▸ **How to complete this task**: Below this line are records; transcribe exactly the lines between the one holding "Buick Encore GX" and the one holding "Online Shopping with", inclusive, and omit the pictures.

▸ **Information given**:

Start of Block

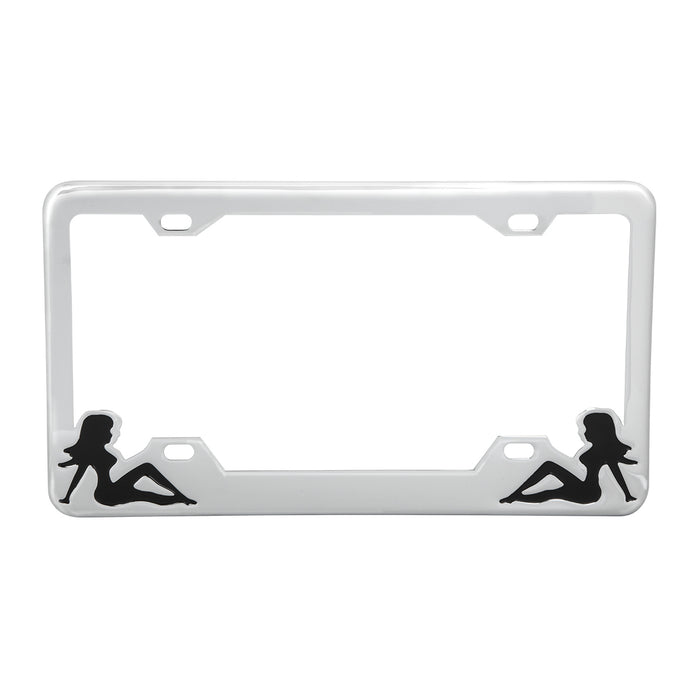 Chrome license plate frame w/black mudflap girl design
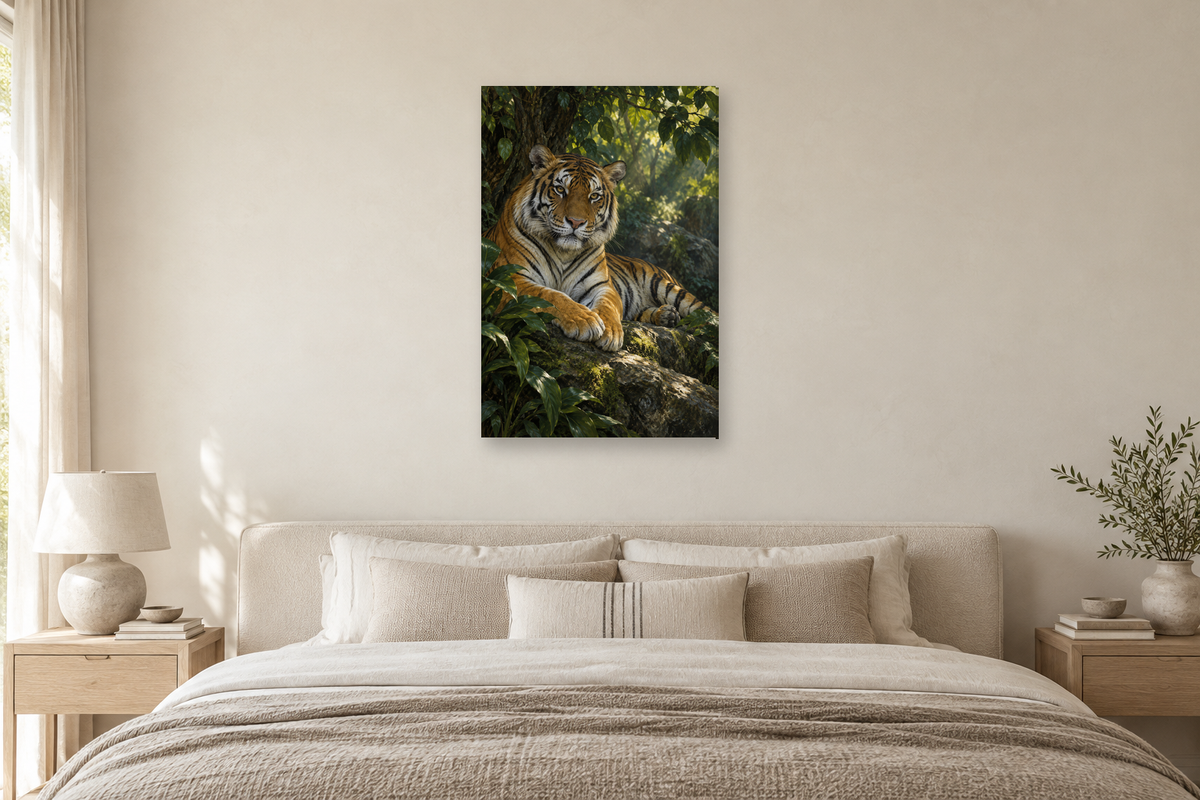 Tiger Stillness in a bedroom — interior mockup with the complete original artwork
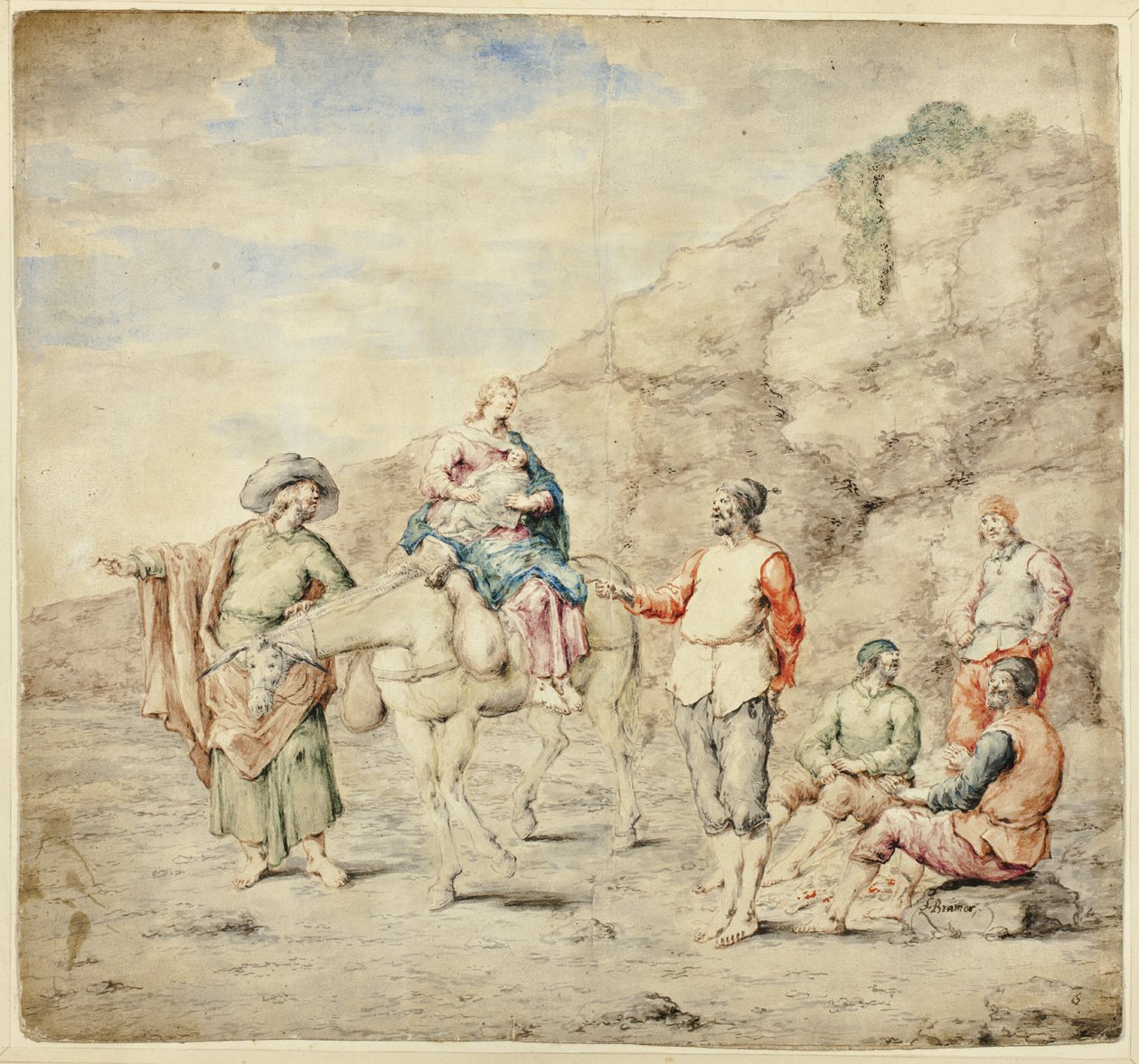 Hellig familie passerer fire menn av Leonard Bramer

End of Block
Start of Block

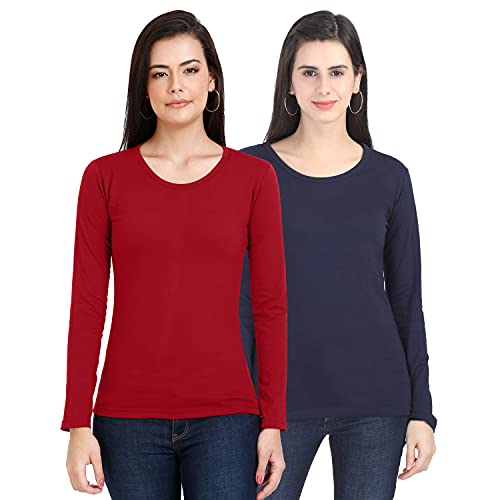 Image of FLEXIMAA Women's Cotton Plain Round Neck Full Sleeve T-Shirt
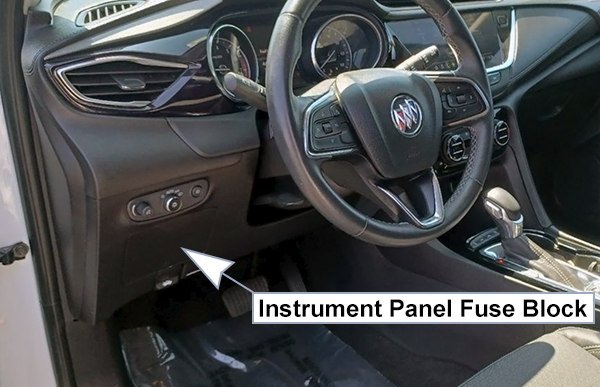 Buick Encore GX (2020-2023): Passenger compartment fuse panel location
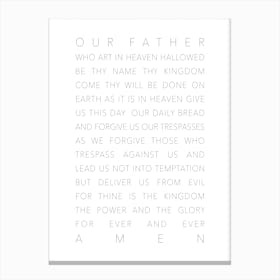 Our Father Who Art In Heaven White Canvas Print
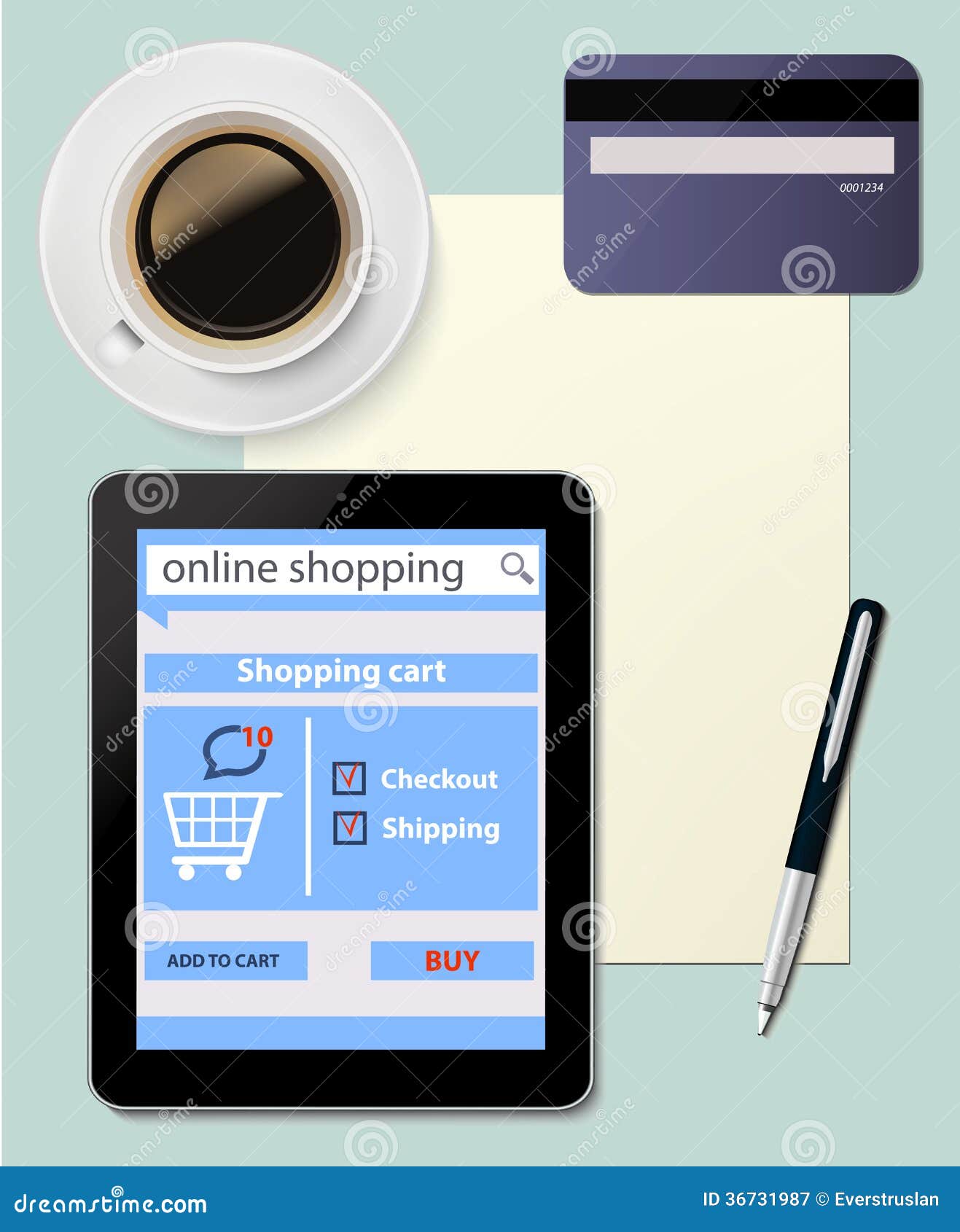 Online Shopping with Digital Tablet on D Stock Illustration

End of Block

▸ **Exercise output**:
 Buick Encore GX (2020-2023): Passenger compartment fuse panel location
 Our Father Who Art In Heaven White Canvas Print
 Online Shopping with Digital Tablet on D Stock Illustration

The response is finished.